Prompt:
The answer must be the full data, restated word for word, with no pictures in it.

Collected material:
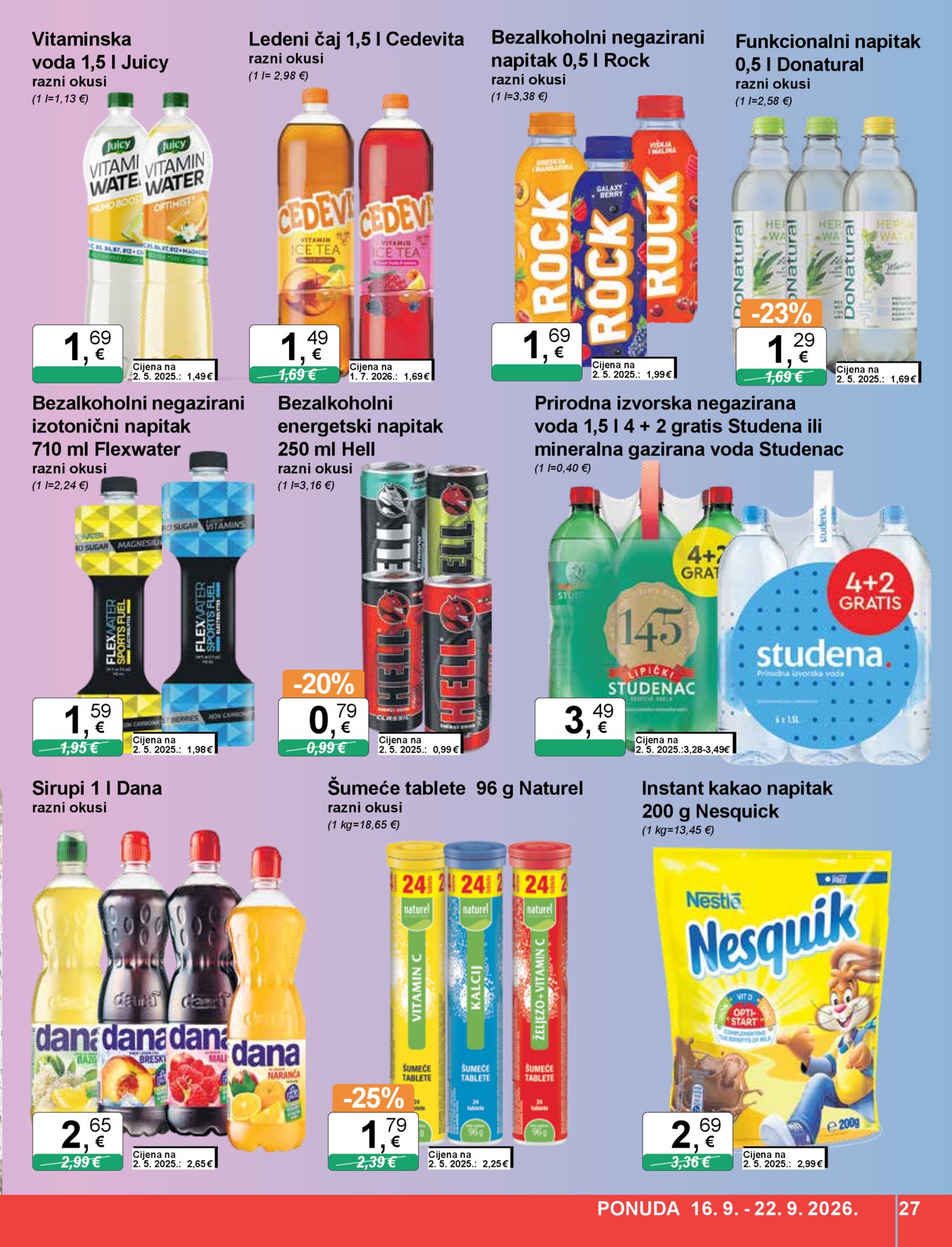 KTC katalog široka potrošnja 16.09-22.09.2026.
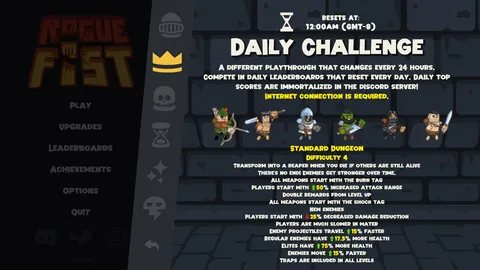 Rogue Fist screenshot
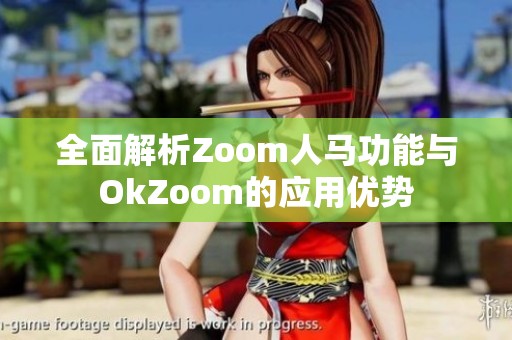 全面解析Zoom人马功能与OkZoom的应用优势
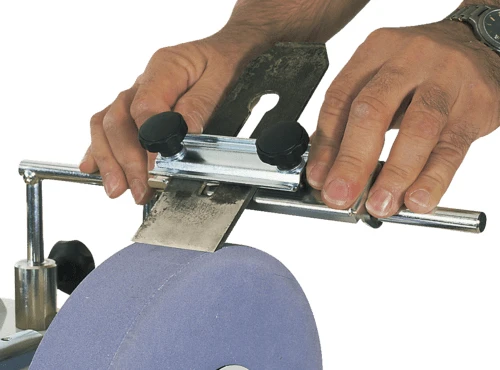 Scheppach Slijpondersteuning Jig 70 (recht gereedschap)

Answer:
 KTC katalog široka potrošnja 16.09-22.09.2026.
 Rogue Fist screenshot
 全面解析Zoom人马功能与OkZoom的应用优势
 Scheppach Slijpondersteuning Jig 70 (recht gereedschap)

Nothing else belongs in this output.